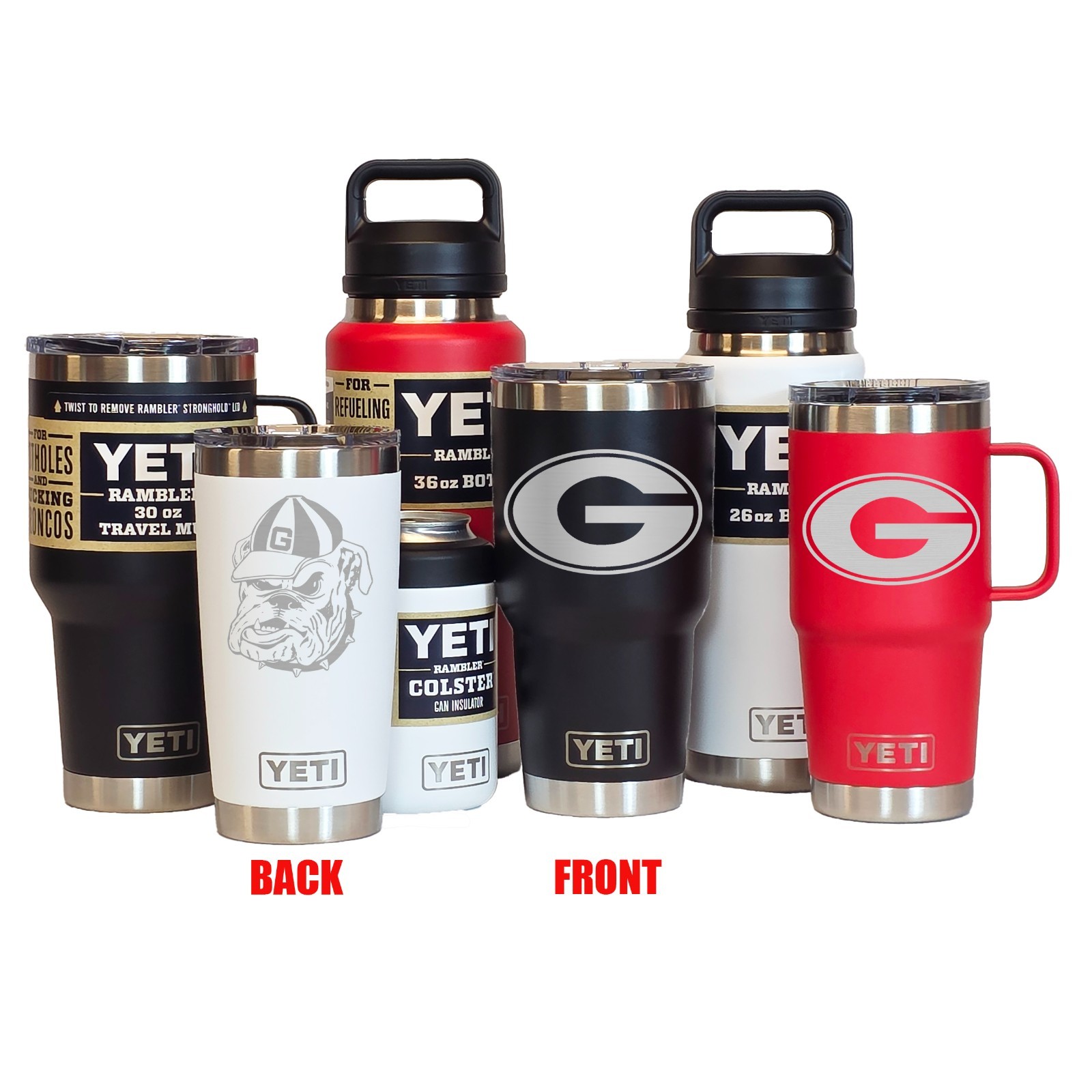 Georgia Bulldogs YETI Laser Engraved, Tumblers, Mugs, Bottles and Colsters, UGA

--

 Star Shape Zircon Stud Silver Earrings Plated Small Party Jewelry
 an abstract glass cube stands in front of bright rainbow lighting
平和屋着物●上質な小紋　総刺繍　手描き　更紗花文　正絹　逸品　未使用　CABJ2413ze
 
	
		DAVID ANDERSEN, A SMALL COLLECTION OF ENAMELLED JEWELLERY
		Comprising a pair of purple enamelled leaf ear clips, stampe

---

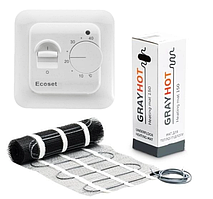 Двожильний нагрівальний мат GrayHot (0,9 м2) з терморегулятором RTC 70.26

Problem details:
In the data above, find the line that contains "平和屋着物●上質な小紋　総刺" and the line that contains "Comprising a pair". Repeat exactly those lines and every line between them, and only those.

Written reply:
平和屋着物●上質な小紋　総刺繍　手描き　更紗花文　正絹　逸品　未使用　CABJ2413ze
 
	
		DAVID ANDERSEN, A SMALL COLLECTION OF ENAMELLED JEWELLERY
		Comprising a pair of purple enamelled leaf ear clips, stampe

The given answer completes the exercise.